Associated with every processing stage are parameters that need to be specified so that the dynamic simulation model can be configured correctly.  These parameters generally describe:

  1. Read DMA characteristics: Number of blocks, block sizes, memory addresses and memory access patterns
  2. Processing characteristics: The delay which the task will require in order to perform its processing.
  3. Write DMA characteristics: Number of blocks, block sizes, memory addresses and memory access patterns

Figure 3 shows that this information is best described in tabular format, where rows represent processing tasks and columns are parameters associated with the task.

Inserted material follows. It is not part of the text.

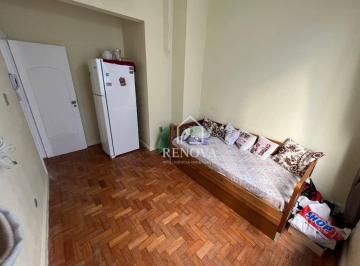 Apartamento · 31m² · 1 Quarto · Apartamento em Agriões, Teresópolis/RJ de 31m² 1 quartos à venda por R$ 200.000,00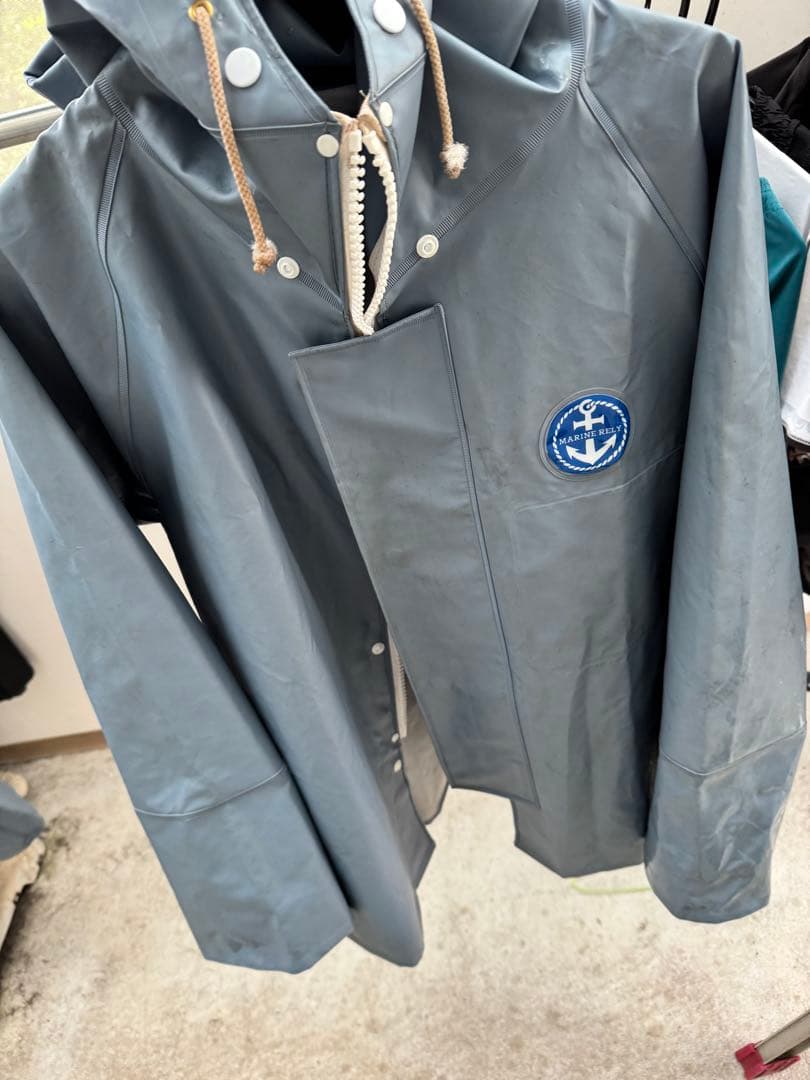 fukumitsuloveです。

The use case graph may also have an embedded sub-graph, which is often the case with AI applications that describe the algorithm in terms of a Neural Network computation graph.  Figure 4 shows a sub-graph within a larger use case graph.  The method of describing the sub-graph is in the same tabular format, which may be present in any part of the larger graph, not just with AI processing.

Usecase parameters captured in tabular format as shown in Figure 3 are sufficient to describe the application intent regarding dataflows between processing stages and the processing delay of a given stage.  The added benefit of having the graph drawn to the left of the table is that it becomes intuitive to understand the data flow, hence the relationship between nodes as processing stages.  Even for large graphs, the method is applicable and offers supplementary information readily available if required.

Separate to the Application Usecase is a model of the Hardware Platform, which will perform the data transfers and processing delays as prescribed by the Usecase model.  The Hardware Platform model will typically have the following capabilities:

  1. Generate and initiate protocol compliant transactions to local memory, global memory or any IO device
  2. Simulate arbitration delays in all levels of a hierarchical interconnect
  3. Simulate memory access delays in a memory controller model as per the chosen JEDEC memory standard.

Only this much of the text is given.